Winding down
Two days of school left. One is today. The other may be tomorrow, may be Friday, heck I may wait a week and count next Wednesday when we go for our last Speech and Psych sessions. We’ve definitely been a bit lax around here the last little bit, but that’s “normal” for school, isn’t it? We’ve finished the math program up to the allotted goal, finished the history, we have a couple more things to do for science, but if we don’t get them done for school they’ll make fun summer day boredom-beating projects. So it’s all good.

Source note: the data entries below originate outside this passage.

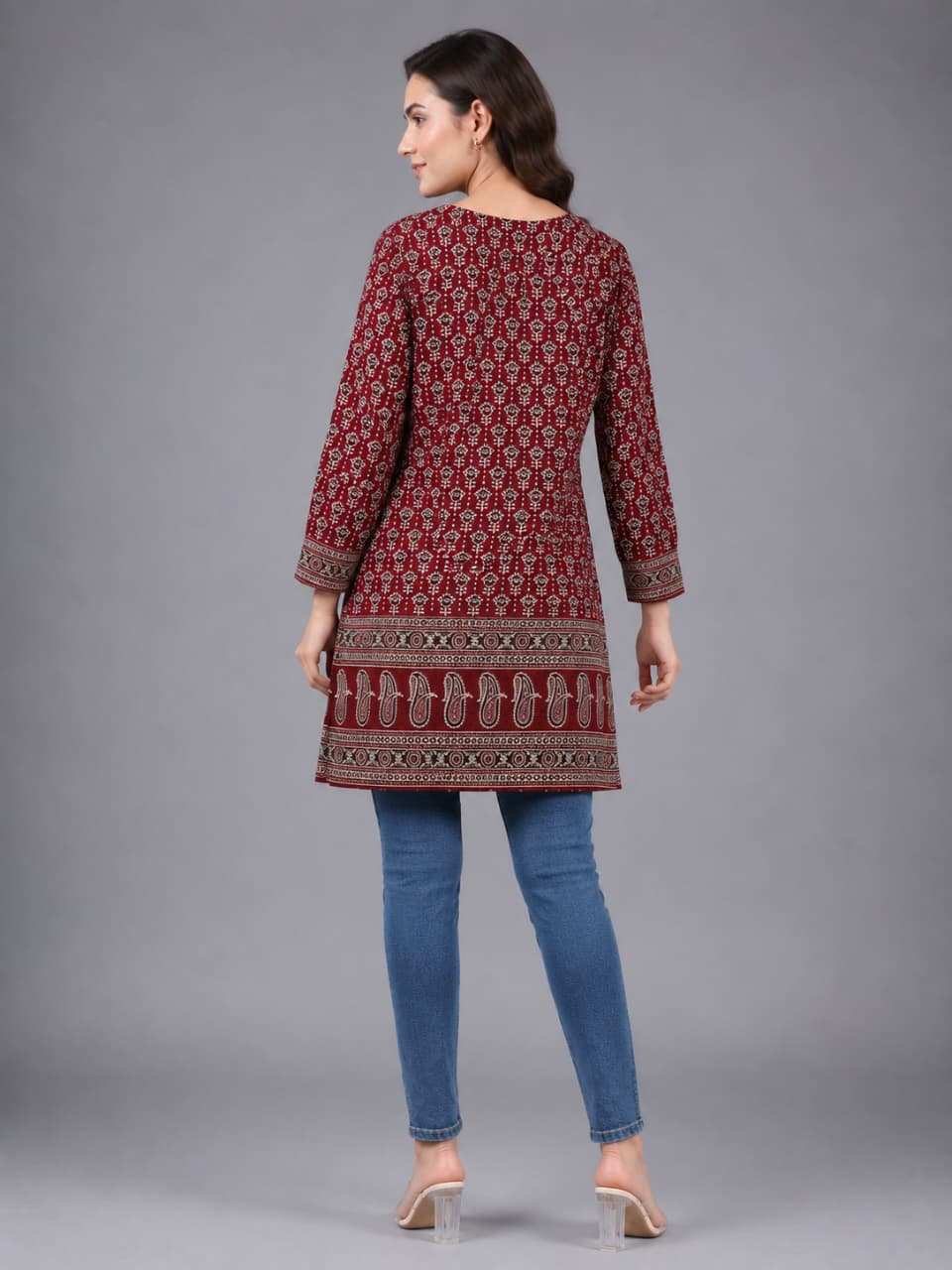 A woman modeling a long-sleeved maroon kurta with a detailed beige and white geometric pattern, paired with blue jeans and clear high-heeled sandals, against a solid gray studio background.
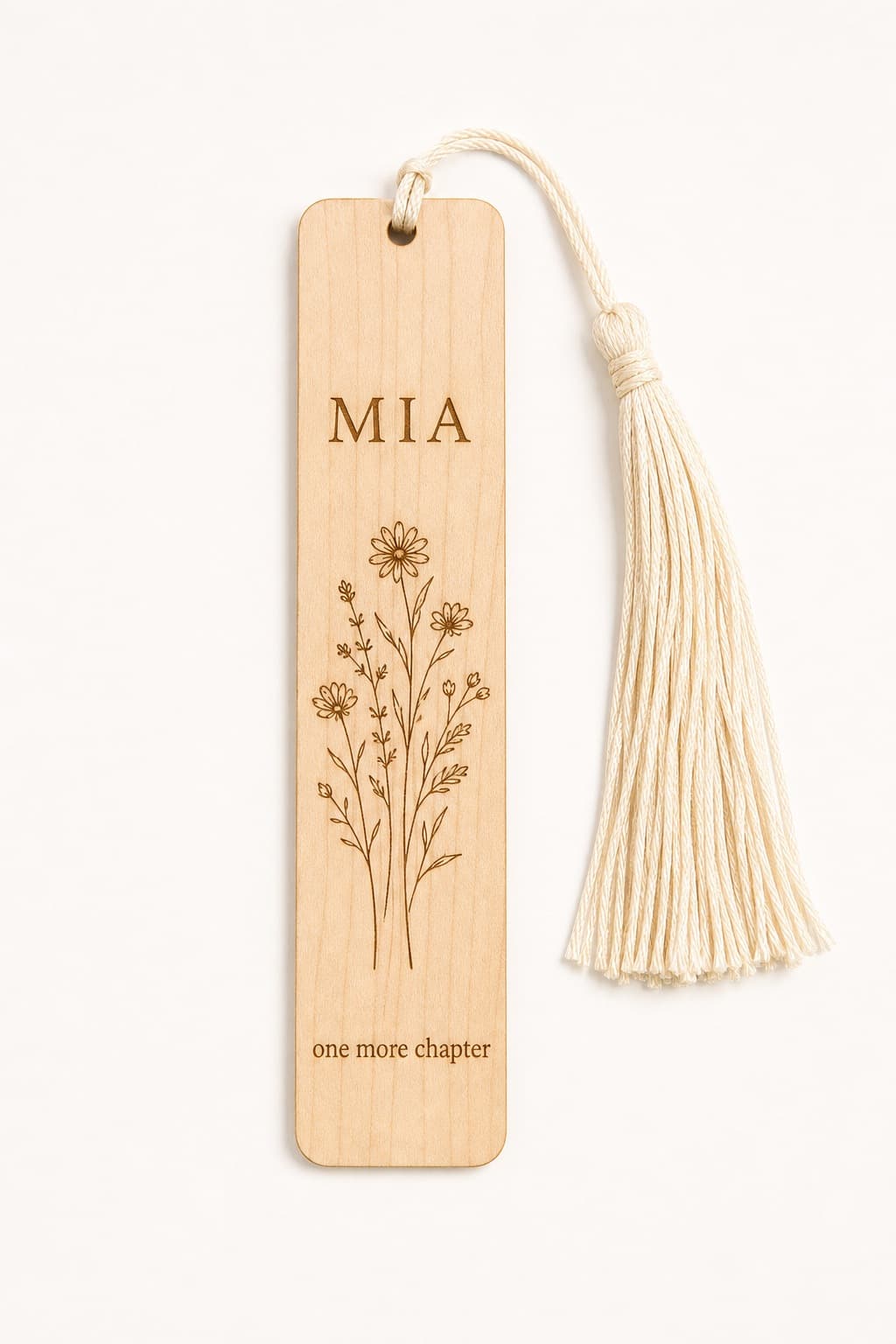Thin hard maple bookmark engraved with Mia wildflowers and one more chapter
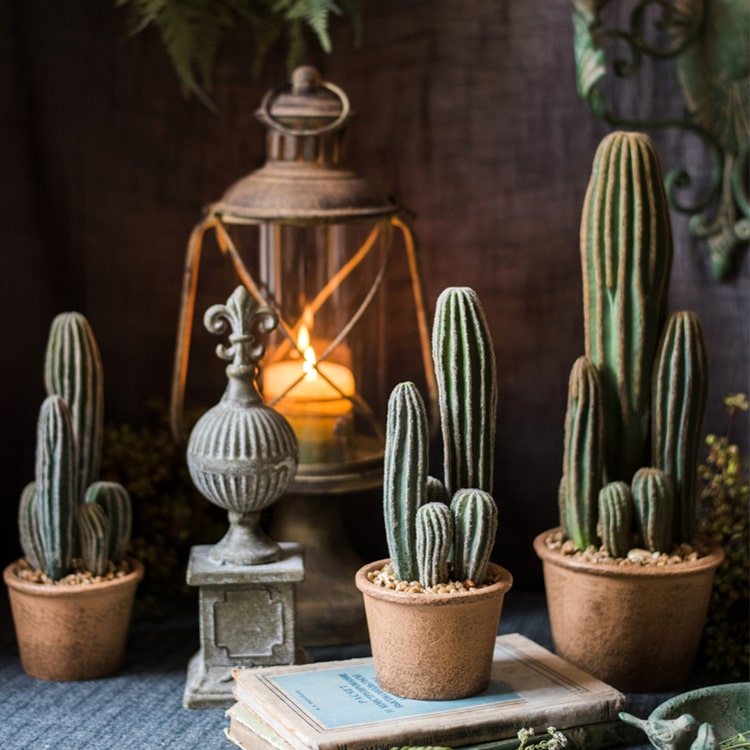 Artificial faux cactus in a brown pot, showcasing realistic green textures and earthy tones, perfect for home or office decor.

I’m feeling really good about our first year of homeschool. I think a lot of progress was made for Cricket, and for all of us as a family. Good stuff! So now I’m thinking ahead to next year, and envisioning what’s next. Discussions with school personnel sound as though next year we’ll be able to incorporate some more social training, perhaps with a “friendship group” or something. Could be good. It’s unlikely we’ll be able to hash it out until after school starts in the fall. Why don’t they pay the key personnel to stay there, or come in part time during the summer and do the IEP meetings and whatnot BEFORE school starts so that it can all be in place when it’s time to get going instead of waiting until school is in session and problems are already occurring in classrooms because nobody’s bothering with the IEP until after the IEP meeting, and then take however many weeks at the beginning to get it all hashed out, just in time for winter break and….sigh. What a mess. Fortunately, we do have good, caring people to work with. And honestly I feel that I have been getting a lot more feedback from the people working with him since I pulled him out of school than I ever did while he was in school. They used to just expect him to tell me what they were working on (yeah, right–kid with a communication disorder will tell mother all about it…har). Now they come down to the school office when they’re done and give me a verbal report after each session. Maybe I’m just a control freak, but I think that it works a lot better when I know what they’re working on.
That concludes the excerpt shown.